===== Data =====

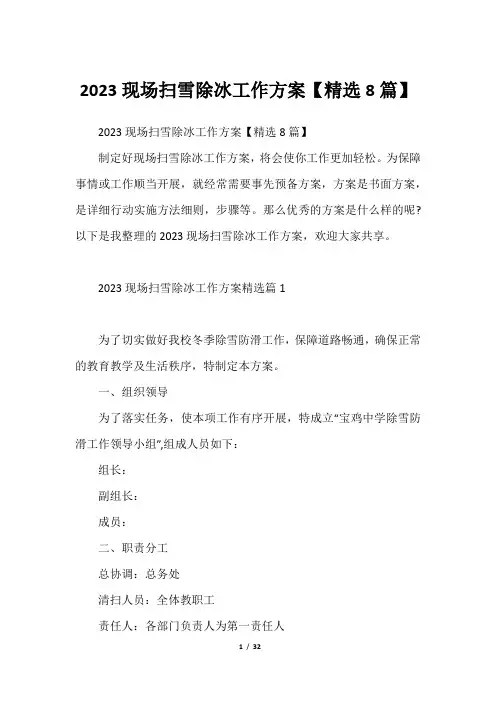 2023现场扫雪除冰工作方案【精选8篇】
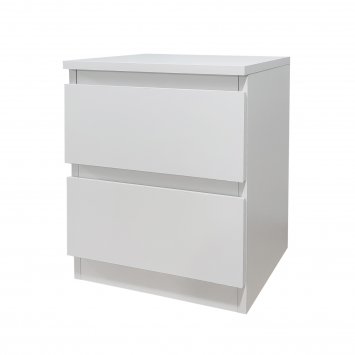 Nachtkommode mit 2 grifflosen Schubladen Thekla Weiß
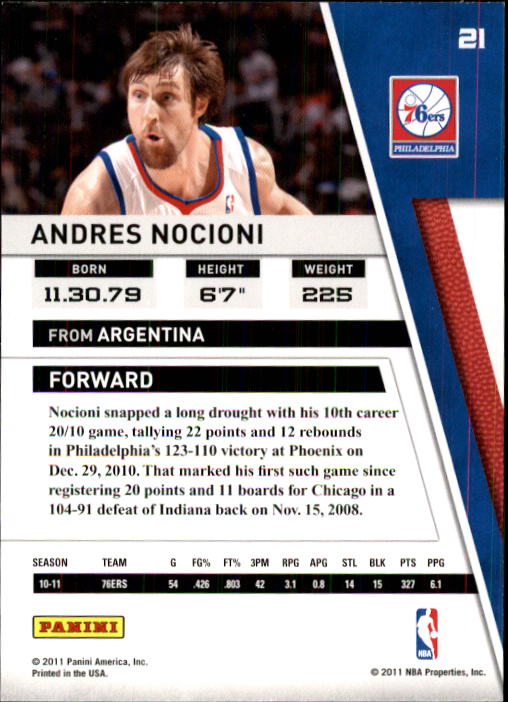 2010-11 Panini Season Update #21 Andres Nocioni back image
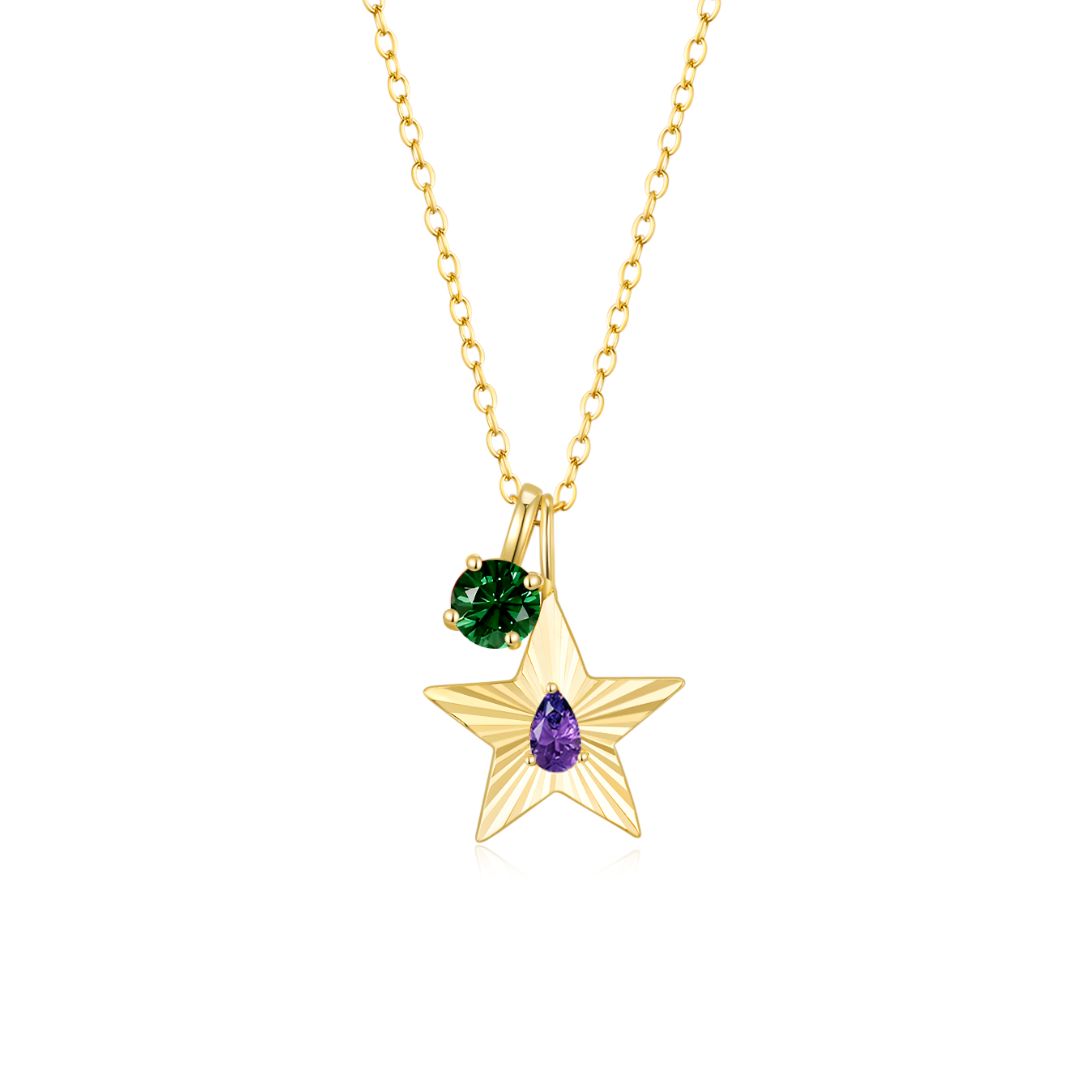 The Star Necklace with 4 Prong Solitaire Pendant YG (4mm) (Feb, May) - Eclat by Oui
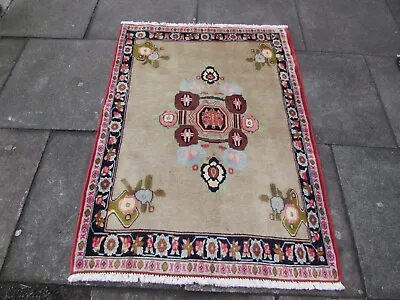 Vintage Hand Made Traditional Oriental Wool Beige Small Rug 130x95cm • £165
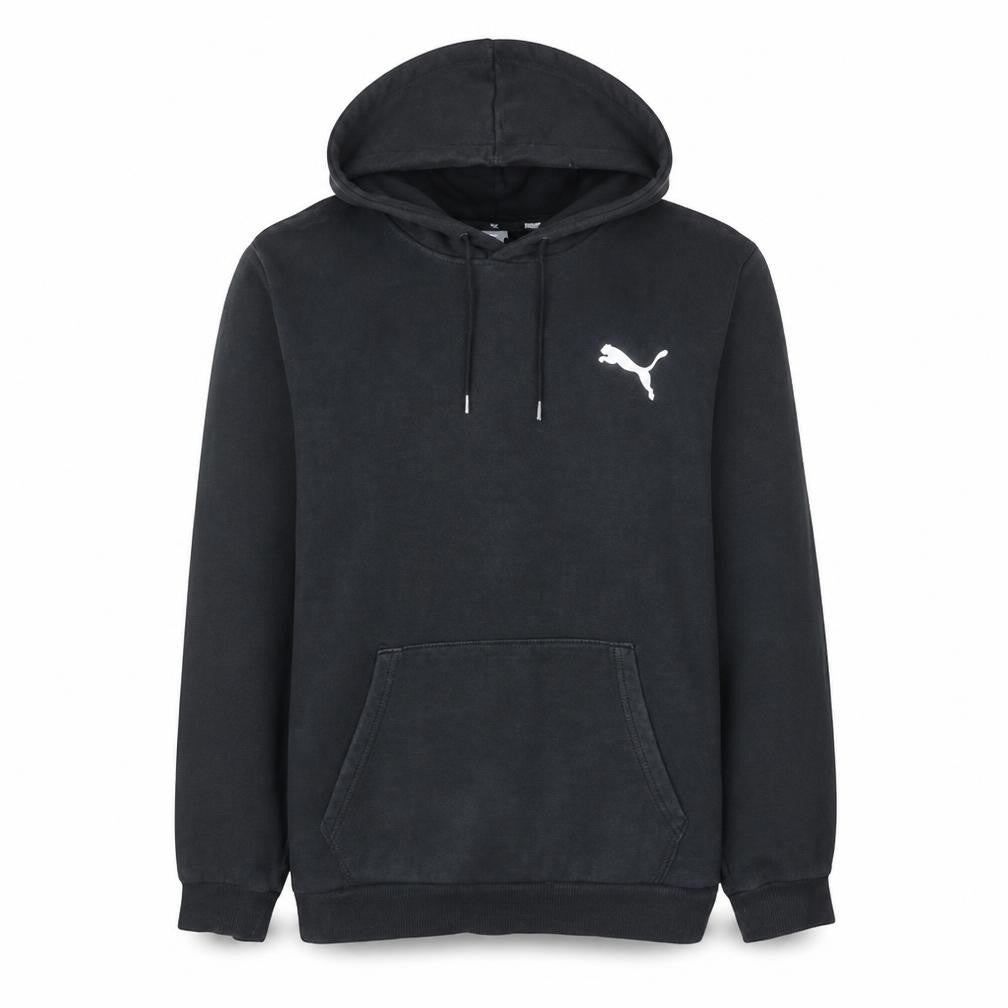 Puma Men's Black Pullover Hoodie Medium Fleece Logo Sweatshirt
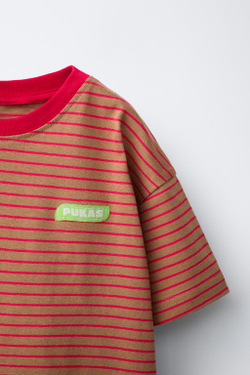 ZARA X PUKAS ФУТБОЛКА В ПОЛОСКУ PUKAS SURF, ЧЕРЕПИЧНЫЙ
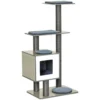 Krabpaal van hout met platforms en kattenbox, speelbal, grijs, 71,5 x 49,5 x 120 cm, ideaal voor katten 1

=====

# How to complete this task
Each record above should be retyped exactly, with no pictures carried over.

# Response area
 2023现场扫雪除冰工作方案【精选8篇】
 Nachtkommode mit 2 grifflosen Schubladen Thekla Weiß
 2010-11 Panini Season Update #21 Andres Nocioni back image
 The Star Necklace with 4 Prong Solitaire Pendant YG (4mm) (Feb, May) - Eclat by Oui
 Vintage Hand Made Traditional Oriental Wool Beige Small Rug 130x95cm • £165
 Puma Men's Black Pullover Hoodie Medium Fleece Logo Sweatshirt
 ZARA X PUKAS ФУТБОЛКА В ПОЛОСКУ PUKAS SURF, ЧЕРЕПИЧНЫЙ
 Krabpaal van hout met platforms en kattenbox, speelbal, grijs, 71,5 x 49,5 x 120 cm, ideaal voor katten 1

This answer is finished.